Task to complete: Starting with the line in which "LIVI 18/20 tie-dye" appears, give back every line exactly as written until the listing ends, excluding pictures.

Exercise data:
Start of Block

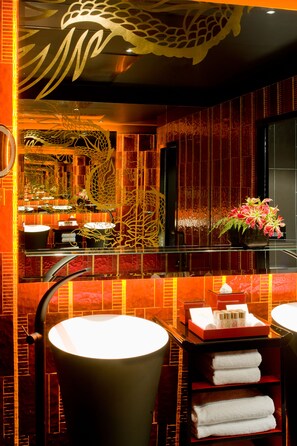 Rainfall showerhead, designer toiletries, hair dryer - Buddha-Bar Hotel Paris (Paris)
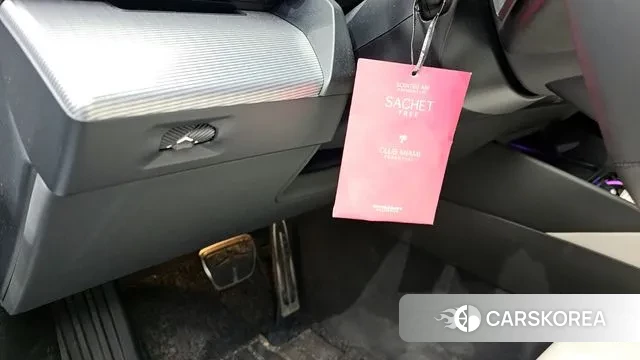 BMW 5 Series (G60) 2025 Серебряный из Кореи, фото 6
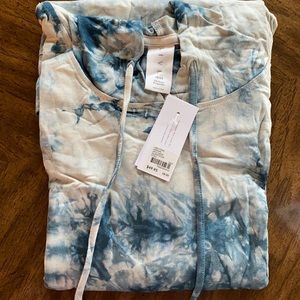 LIVI 18/20 tie-dye long sleeve hooded shirt. NWT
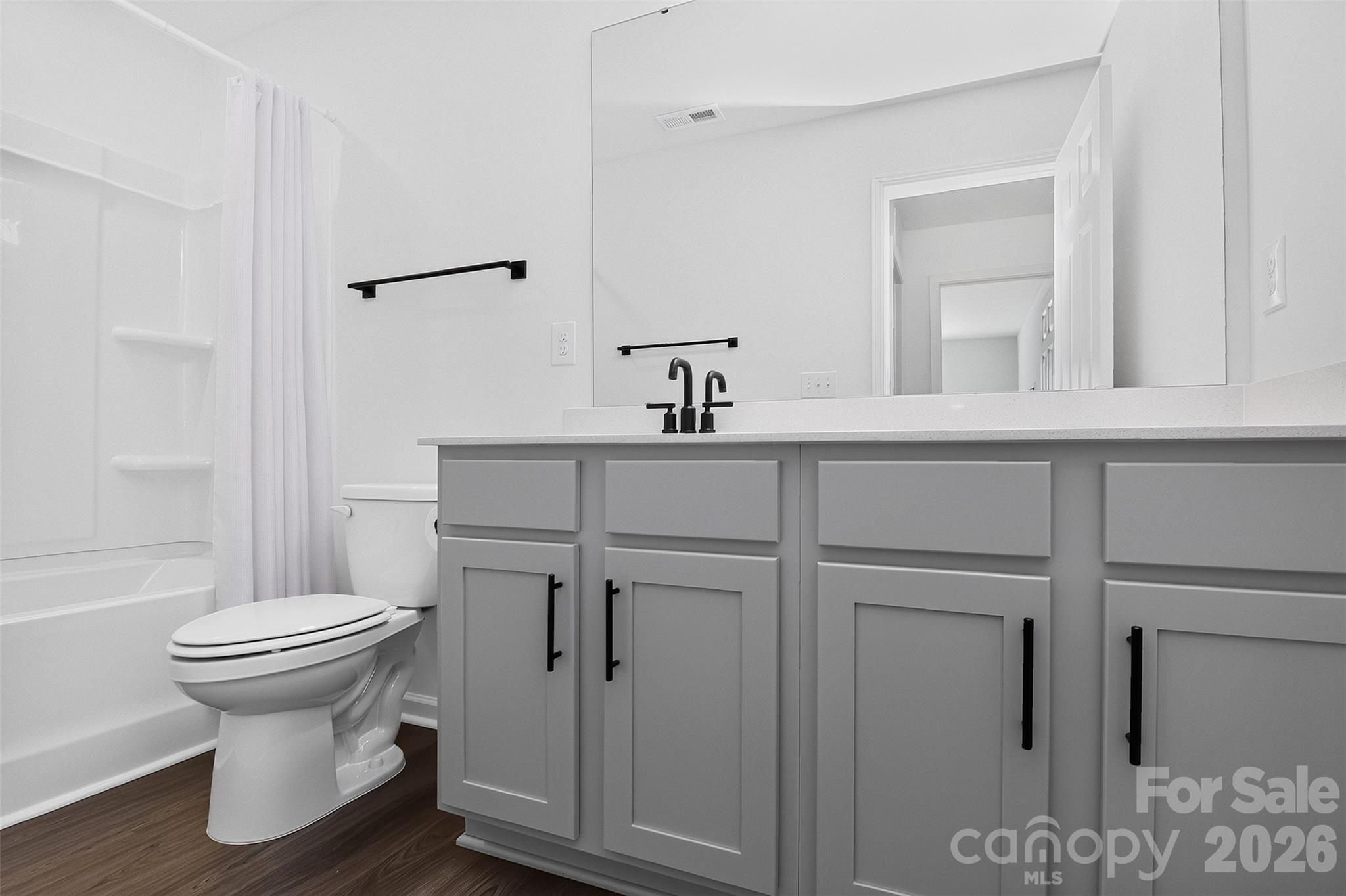 12133 Rowan Hill Drive Property Photo 23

End of Block

Answer to this task:
 LIVI 18/20 tie-dye long sleeve hooded shirt. NWT
 12133 Rowan Hill Drive Property Photo 23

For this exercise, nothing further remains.